Sixth Sunday of Easter

Acts 8:5-8, 14-17: 1 Peter 3:15-18: John 14:15-21

Saint John Baptist de la Salle/Saint Stephen May 14, 2023


Throughout my lifetime, I have been surprised by many things, many times. Some of the surprises I have had have been pleasant, and others, well, not so good.


In the middle of the 1990’s, I was surprised to discover how interesting and useful computers could be, especially in regard to the internet. In those early days, there was, and still is, an internet program called “eBay.” For those who are not familiar with eBay, it is an 'auction site,’ where items someone wants to sell are posted online and then people bid on them. And many strange and surprising things are auctioned off and sold on eBay. In 2005, the famous Hollywood sign in California was sold on eBay for $450,000 dollars. However, the most surprising sale on eBay, at least for me, was a “Ghost in a Jar.” This unknown, unnamed spirit in a jar, was sold for $50,000 dollars. Over the years, I have bought many things on eBay and have enjoyed it very much. But the “Ghost in a Jar” did surprise me.

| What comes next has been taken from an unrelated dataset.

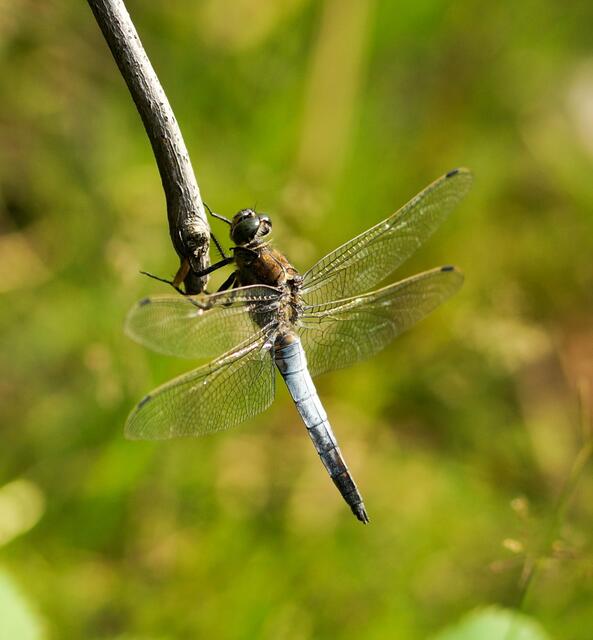 Großer Blaupfeil (Orthetrum cancellatum) - Männchen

The Holy Spirit always surprises us. This is because the Spirit is unlike anything we have yet experienced in life. I remember a time when the Holy Spirit was called the Holy Ghost. The word “Ghost” is used 84 times in the Scriptures, while the word “Spirit” is used 55 times. Ghosts or Spirits were always thought to be the souls of those who had died but somehow remain in this world moving around among us. You cannot see ghosts or spirits, because there is nothing to see, so you never know what they are about. The very word “spirit” suggests surprise. It comes from a Latin word “spiritus” meaning breath. You cannot see breath any more than you can see wind. All you can see is breath or wind moving things. So, when Jesus told us to expect a Holy Spirit, he as much as said to us, “the Holy Spirit will always surprise you,” because that is what spirits do.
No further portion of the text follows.